Given the merits of Chipotle’s motion, which are discussed below, the Court would be well within its discretion to decline to exercise its inherent power to revisit the March 27 Order. The exercise of its discretion in this manner would be particularly appropriate here, where Chipotle has already filed Rule 72 objections to the very same March 27 Order, which are pending before the Hon. Andrew L. Carter, Jr. It is unfair to the plaintiffs to allow Chipotle to seek multiple “bites at the apple” by effectively appealing the same order twice.
II. Chipotle’s New Evidence
. Despite finding that there is no procedural basis for Chipotle to bring its application to the Court, the Court turns to the merits. Chipotle offers two “newly discovered” documents in evidence: (A) e-mails between Daggett and Shunk; and (B) an unsigned blank confidentiality agreement that Chipotle allegedly gave to Daggett. Chipotle argues that these documents, which it received from Shunk after April *54614, 2015, demonstrate that Daggett was, in fact, within the cone of privilege.
The e-mails in Exhibit A do not demonstrate, as Chipotle contends, that the Daggett Report was used by Messner to provide legal advice to Chipotle. As explained in more detail in my previous order, the attorney-client privilege applies to an attorney’s agent only if the agent is providing aid that is necessary in order for the attorney to render legal advice. See United States v. Kovel, 296 F.2d 918 (2d Cir.1961). The first email is from Daggett asking Shunk whether she should send her Report to him or to Chipotle. Defs. Mot. Ex. A. at 1, ECF No. 970. This shows that it was at least unclear to Daggett whether her Report was for Chipotle or the lawyer’s use. Shunk responded in the second email by directing her to send him the Report, adding: “Your work and report are integral to my legal advice, so I consider this as part of the attorney-client relationship.” Id.
Chipotle argues that Shunk’s email indicates that the Report was privileged. The attorney-client privilege applies to “(1) a communication between client and counsel that (2) was intended to be and was in fact kept confidential, and (3) was made for the purpose of obtaining or providing legal advice.” In re County of Erie, 473 F.3d 413, 419 (2d Cir.2007). But “[a] person’s subjective belief that the conversation was privileged is not by itself sufficient to establish the privilege.” United States v. Sabri, 973 F.Supp. 134, 140 (W.D.N.Y.1996) (citing United States v. Keplinger, 776 F.2d 678, 700 (7th Cir.1985)). And Shunk’s ipse dixit does not convert non-privileged communication into privileged communication.

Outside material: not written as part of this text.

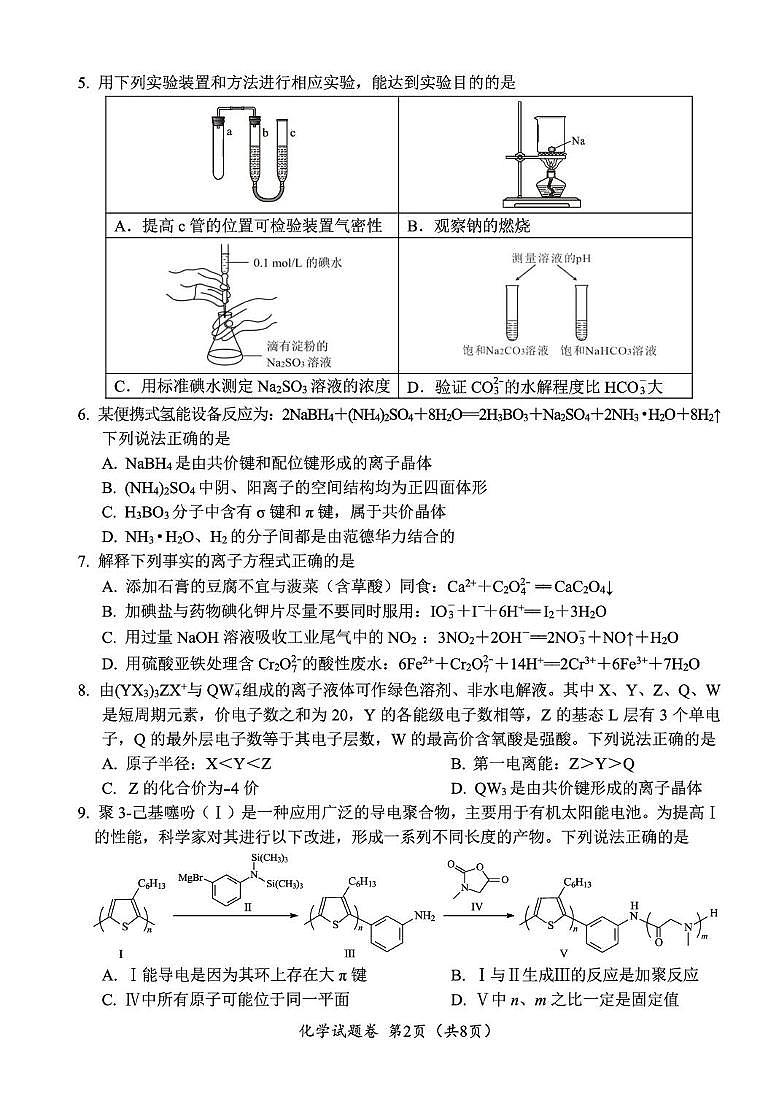 四川2026届高三上学期第二次诊断考试化学试题（含答案）第2页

Perhaps more significantly, Daggett’s email supports the Court’s previous reading of the situation, as it indicates that Dag-gett was providing services to Chipotle (to assist in a business decision), not merely to Messner. Moreover, the Court returns to its previous finding that no additional written legal advice was offered by Messner after the receipt of the Daggett Report, suggesting that the Daggett Report was not, in fact, integral to Messner’s legal advice.
The confidentiality agreement at Exhibit B is similarly unpersuasive. First, the agreement is not signed or dated, and nothing in the exhibit links it to Daggett, and so it is not clear that the agreement is at all related to this issue. See Defs. Mot. Ex. B., ECF No. 970. Even assuming arguendo that it was indeed sent to Dag-gett and that she later signed it, that too merely supports the Court’s understanding that Daggett was working directly for Chi-potle. The agreement is a form contract from Chipotle, not Messner. Were Dag-gett working exclusively for Messner, the agreement would more likely be one between her and the law firm. The terms of the agreement further support that Dag-gett was working for Chipotle. It recites that the party, here presumably Daggett, is “entering] into a business relationship” with Chipotle, and authorizes Daggett to use “confidential information” for the “tasks or services [Daggett] is providing to Chipotle.” Id. at 1.
Though Chipotle contends that these documents “supplfy] the information that the Court found missing and disposi-tive in its March 27 Order,” Defs. Mot. at 2, it has not submitted anything that indicates that Messner revised its advice in light of the Daggett Report. Chipotle cites the deposition testimony of Chipotle human resources executive Kristen Dominguez that Chipotle received the Daggett Report as part of Messner’s advice. Yet neither Chipotle’s new evidence nor its amended privilege log, which the Court reviewed in preparing the March 27 Order, indicate that any new advice followed *547the Report. Because the attorney-client privilege “stands in derogation of the public’s right to every man’s evidence ... it ought to be strictly confined within the narrowest possible limits consistent with the logic of its principle.” In re Grand Jury Proceedings, 219 F.3d 175, 182 (2d Cir.2000) (internal quotation marks and citation omitted). Chipotle’s newly proffered arguments and evidence, alone, are not enough to show that the Daggett Report constituted part of Messner’s legal advice to Chipotle.
III. The Court’s Previous Analysis Remains Unchanged
Chipotle’s other arguments in favor of reconsideration are also unavailing. As explained above, Chipotle has not provided evidence that suggests that the Dag-gett Report was anything more than business advice. As explained more fully in the March 27 Order, under Kovel and its progeny, an attorney’s agent’s communications do not fall under the attorney-client privilege unless she is communicating with the attorney in confidence and in a way that is necessary for the attorney to render legal advice to the client. The classic example is the accountant in Kovel who interpreted complex financial figures for an attorney. See 296 F.2d at 922.
Chipotle’s new evidence does not alter the Court’s previous analysis, as nothing Chipotle has presented indicates that the Daggett Report was more necessary to Messner -than previously believed. Chipotle’s claim that there is no evidence that anyone at Messner or Chipotle was qualified to perform a job function analysis rings hollow given that Chipotle has its own human resources department, and that Daggett is herself a human resources consultant. In any event, it is Chipotle’s burden to prove that Daggett was necessary to Messner, and not the plaintiffs burden to disprove it. See In re Grand Jury Subpoena Dated Jan. 4, 1984, 750 F.2d 223, 224 (2d Cir.1984) (party asserting privilege bears the burden of establishing facts to prove “the essential elements of the privileged relationship”); see also United States v. Ackert, 169 F.3d 136, 139 (2d Cir.1999) (third party involvement must be necessary “to improve the comprehension of the communications between attorney and client”).
Accordingly, for both procedural reasons and on the merits, Chipotle’s motion to be relieved from the March 27 Order is DENIED.
SO ORDERED.
. Chipotle does not attempt to bring its application under Local Civil Rule 6.3 because the 14-day deadline for reconsideration expired April 10, 2015.
. The only case that Chipotle cites to support its Rule 60(b) application is one where the motion was brought following a final judgment. See Crystal Waters Shipping Ltd. v. Sinotrans Ltd. Project Transp. Branch, 633 F.Supp.2d 37, 40 n. 1 (S.D.N.Y.2009).